This is not the end
This is not the end of this
We will open our eyes wide, wider
This is not our last
This is not our last breath
We will open our mouths wide, wider
And you know you’ll be alright
Oh and you know you’ll be alright
This is not the end
This is not the end of us
We will shine like the stars bright, brighter
Behind the Song:
(Commentary by Lisa Gungor)
There are two ideas that are woven throughout this song. The first is a sense of determination born in the middle of anger – something had happened to us that felt unjust, leaving our spirits a bit defeated and raw. It felt as though we were meager little ants who were discovering that the traditional way of digging into the earth is bogus. But in spite of the discovery, we were still forced to succumb to the great ant tradition – clawing and scraping, shoving dirt into our mouth and spitting it out again.

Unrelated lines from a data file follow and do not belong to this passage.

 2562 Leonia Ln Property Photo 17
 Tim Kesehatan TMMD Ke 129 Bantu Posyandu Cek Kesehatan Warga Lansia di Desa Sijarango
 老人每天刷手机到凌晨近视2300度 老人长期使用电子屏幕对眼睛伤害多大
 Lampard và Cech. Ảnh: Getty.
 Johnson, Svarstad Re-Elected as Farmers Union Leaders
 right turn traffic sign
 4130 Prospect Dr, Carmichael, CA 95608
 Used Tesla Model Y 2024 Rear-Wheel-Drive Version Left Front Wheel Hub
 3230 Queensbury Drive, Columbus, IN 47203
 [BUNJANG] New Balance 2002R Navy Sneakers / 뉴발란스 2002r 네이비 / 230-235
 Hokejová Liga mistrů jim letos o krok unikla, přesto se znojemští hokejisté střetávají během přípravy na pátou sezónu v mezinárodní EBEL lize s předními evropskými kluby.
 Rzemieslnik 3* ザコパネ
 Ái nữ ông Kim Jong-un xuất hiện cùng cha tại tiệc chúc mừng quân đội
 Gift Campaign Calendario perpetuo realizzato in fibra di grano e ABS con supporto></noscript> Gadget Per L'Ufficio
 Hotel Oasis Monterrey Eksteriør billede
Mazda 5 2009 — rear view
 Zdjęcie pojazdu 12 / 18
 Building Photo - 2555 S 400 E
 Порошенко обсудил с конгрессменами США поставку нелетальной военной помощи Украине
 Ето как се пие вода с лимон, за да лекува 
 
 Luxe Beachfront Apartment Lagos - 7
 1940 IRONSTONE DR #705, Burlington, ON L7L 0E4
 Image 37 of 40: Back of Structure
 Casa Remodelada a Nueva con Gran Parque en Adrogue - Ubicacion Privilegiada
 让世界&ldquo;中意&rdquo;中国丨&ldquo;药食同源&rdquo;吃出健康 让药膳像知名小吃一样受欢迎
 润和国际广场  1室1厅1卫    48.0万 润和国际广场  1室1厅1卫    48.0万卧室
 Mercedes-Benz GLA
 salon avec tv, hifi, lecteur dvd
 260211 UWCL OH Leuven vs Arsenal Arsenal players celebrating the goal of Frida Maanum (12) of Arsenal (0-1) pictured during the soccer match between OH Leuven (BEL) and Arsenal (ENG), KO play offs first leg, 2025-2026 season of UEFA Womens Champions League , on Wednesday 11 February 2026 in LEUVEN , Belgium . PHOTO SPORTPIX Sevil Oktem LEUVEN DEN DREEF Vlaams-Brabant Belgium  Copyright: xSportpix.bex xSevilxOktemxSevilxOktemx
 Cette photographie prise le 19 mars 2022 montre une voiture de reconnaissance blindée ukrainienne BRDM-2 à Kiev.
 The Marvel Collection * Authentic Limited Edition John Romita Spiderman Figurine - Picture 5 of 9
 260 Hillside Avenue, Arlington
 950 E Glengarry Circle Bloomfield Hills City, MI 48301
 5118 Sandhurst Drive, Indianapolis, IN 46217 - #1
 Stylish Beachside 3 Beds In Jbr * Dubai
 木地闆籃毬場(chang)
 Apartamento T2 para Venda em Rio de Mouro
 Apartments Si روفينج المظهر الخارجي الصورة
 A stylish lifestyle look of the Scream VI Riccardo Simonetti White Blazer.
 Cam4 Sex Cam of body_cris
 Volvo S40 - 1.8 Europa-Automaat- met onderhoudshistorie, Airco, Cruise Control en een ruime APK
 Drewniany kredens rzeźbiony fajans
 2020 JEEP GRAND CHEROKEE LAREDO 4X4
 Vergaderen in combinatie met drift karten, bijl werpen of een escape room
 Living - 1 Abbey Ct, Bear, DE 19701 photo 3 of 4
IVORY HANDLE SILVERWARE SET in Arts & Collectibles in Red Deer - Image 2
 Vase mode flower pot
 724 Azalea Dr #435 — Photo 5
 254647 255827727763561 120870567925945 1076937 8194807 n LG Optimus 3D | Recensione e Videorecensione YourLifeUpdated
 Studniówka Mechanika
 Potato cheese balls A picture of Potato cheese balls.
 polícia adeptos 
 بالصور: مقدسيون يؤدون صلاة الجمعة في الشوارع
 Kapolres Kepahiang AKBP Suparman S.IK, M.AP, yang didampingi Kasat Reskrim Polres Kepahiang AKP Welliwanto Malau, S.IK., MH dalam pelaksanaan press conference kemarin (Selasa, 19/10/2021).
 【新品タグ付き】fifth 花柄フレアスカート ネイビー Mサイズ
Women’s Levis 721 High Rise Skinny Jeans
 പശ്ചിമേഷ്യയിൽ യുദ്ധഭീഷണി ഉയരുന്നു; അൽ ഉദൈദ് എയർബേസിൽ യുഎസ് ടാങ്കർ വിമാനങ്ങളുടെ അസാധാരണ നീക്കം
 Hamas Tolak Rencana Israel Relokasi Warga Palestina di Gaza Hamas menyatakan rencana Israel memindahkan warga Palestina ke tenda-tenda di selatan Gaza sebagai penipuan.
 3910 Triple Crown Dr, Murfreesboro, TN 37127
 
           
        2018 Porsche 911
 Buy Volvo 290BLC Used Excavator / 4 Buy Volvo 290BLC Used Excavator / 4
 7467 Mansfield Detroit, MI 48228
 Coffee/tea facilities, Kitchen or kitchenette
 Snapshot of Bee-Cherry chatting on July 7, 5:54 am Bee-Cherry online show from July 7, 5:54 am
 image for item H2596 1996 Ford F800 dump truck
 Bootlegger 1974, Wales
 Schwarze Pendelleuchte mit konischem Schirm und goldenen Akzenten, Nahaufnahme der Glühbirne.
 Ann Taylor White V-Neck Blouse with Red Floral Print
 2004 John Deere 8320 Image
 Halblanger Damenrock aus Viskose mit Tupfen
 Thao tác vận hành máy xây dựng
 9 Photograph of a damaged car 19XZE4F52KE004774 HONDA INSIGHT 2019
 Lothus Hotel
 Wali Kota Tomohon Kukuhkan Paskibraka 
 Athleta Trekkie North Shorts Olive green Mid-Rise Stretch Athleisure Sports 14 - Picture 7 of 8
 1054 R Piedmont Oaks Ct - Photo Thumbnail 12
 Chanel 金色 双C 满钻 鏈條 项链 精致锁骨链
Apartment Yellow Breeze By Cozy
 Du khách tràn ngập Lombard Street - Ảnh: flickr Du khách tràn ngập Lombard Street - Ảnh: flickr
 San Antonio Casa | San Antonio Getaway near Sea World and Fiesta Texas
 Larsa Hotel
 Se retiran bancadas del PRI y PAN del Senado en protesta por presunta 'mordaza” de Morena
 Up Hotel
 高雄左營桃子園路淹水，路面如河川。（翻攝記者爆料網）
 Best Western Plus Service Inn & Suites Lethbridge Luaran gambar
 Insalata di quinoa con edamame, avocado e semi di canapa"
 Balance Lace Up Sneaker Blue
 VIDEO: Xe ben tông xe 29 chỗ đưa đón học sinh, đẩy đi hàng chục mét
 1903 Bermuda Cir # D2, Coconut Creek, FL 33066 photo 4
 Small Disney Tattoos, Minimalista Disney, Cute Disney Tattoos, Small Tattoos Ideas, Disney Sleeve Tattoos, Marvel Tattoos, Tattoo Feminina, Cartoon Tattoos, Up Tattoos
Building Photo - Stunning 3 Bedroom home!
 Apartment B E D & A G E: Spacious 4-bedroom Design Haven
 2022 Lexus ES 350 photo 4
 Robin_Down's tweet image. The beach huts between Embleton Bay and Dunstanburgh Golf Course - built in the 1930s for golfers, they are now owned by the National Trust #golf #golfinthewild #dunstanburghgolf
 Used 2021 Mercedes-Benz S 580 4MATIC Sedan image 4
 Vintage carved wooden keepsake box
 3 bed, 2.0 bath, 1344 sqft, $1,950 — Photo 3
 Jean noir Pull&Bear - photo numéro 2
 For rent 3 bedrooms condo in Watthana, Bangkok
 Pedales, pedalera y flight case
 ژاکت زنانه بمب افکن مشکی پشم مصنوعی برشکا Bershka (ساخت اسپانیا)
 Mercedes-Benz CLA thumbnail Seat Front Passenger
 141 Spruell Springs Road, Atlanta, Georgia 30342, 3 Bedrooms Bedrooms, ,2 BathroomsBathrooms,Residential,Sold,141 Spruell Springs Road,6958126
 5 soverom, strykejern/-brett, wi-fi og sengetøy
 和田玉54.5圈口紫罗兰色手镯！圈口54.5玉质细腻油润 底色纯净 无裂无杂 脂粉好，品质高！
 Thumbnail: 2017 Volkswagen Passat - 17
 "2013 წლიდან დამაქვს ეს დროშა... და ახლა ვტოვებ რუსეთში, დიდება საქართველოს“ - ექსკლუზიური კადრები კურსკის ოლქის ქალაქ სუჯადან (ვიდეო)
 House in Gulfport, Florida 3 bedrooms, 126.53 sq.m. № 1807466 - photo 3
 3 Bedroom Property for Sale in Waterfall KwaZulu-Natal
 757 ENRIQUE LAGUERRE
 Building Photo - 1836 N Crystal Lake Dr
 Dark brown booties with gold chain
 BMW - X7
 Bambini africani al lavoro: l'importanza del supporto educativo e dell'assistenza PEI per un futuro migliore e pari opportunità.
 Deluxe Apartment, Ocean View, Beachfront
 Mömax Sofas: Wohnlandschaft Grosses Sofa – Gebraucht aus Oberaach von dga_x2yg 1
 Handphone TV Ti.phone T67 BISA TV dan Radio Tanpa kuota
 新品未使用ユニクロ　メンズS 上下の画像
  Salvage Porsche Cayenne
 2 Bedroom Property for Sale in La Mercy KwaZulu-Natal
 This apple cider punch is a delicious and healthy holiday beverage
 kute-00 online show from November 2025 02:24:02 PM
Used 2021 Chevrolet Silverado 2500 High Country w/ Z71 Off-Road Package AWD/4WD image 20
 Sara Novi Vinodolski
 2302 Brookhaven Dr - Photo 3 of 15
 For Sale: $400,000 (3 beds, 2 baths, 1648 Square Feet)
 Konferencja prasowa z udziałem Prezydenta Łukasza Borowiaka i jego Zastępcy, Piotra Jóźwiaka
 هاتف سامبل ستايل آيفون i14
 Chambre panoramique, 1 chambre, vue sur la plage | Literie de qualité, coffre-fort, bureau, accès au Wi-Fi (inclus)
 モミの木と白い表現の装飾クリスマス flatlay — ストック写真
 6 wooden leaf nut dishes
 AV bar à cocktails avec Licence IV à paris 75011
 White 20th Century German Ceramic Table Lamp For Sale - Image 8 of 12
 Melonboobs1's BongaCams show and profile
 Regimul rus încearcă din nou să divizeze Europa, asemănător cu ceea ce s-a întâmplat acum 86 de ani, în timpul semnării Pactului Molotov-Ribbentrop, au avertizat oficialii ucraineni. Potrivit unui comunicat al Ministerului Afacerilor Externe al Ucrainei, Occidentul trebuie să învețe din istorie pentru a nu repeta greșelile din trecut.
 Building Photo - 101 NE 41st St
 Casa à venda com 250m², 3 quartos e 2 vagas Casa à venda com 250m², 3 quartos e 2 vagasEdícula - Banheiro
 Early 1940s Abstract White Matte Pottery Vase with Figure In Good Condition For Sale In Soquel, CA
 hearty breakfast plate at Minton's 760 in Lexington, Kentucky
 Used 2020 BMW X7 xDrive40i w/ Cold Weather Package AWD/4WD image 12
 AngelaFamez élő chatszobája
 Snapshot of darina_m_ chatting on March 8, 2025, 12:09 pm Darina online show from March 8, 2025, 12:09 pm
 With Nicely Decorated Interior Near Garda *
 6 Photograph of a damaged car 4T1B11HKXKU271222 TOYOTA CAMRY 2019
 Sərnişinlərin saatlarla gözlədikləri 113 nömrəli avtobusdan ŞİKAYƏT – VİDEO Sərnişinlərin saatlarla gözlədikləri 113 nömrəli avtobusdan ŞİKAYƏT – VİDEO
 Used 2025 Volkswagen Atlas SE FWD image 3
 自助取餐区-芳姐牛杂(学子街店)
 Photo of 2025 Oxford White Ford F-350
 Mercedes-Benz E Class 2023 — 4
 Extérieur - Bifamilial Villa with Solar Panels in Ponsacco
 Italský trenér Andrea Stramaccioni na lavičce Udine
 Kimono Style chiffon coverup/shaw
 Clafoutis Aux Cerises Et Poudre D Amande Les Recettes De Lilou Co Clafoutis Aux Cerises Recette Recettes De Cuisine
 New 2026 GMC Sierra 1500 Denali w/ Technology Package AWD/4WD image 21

So there I sat at the piano, trying to express the emotion of it through melody (admittedly feeling sorry for myself), when I suddenly felt this rise of determination …“this is not the end of us.” What is life if there is no resistance? If we don’t ever feel opposition, we probably aren’t saying anything. Branching out from the normal verse 1, verse 2, chorus, bridge, etc., the song naturally formed into a series of choruses with musical breaks going from 5 to 6 chiming in between, giving it this sort of dancing forward feel.
The banjo and glockenspiel give the song a bit of a lift, pushing the song into a fun (party-like) yet resolute feel. Gradually, the gang vocals join in, giving rise to this anthem of determination and hope (anytime I sing this song, I envision people dancing and singing at the top of their lungs with a mug held high in one hand and the other waving wildly…sort of Irish style).
The other thread in this song is along the lines of “The Fall.” I grew up with this vague, hazy perception of heaven, a less-than-real place. I thought heaven was somewhere else, up in the clouds, and one day I would be so light (or ghostly) I could sit on that cloud. But what if it is more real than the world we know now? In “The Great Divorce” C. S. Lewis paints this picture of the grass in heaven hurting people’s feet because it is more real than they are. Everything is more solid, more vibrant and alive. In all of the chaos, we have glimpses of true love and true peace, a sort of whisper of what is to come. Maybe we are the ghosts, and one day our eyes will be opened to what is real.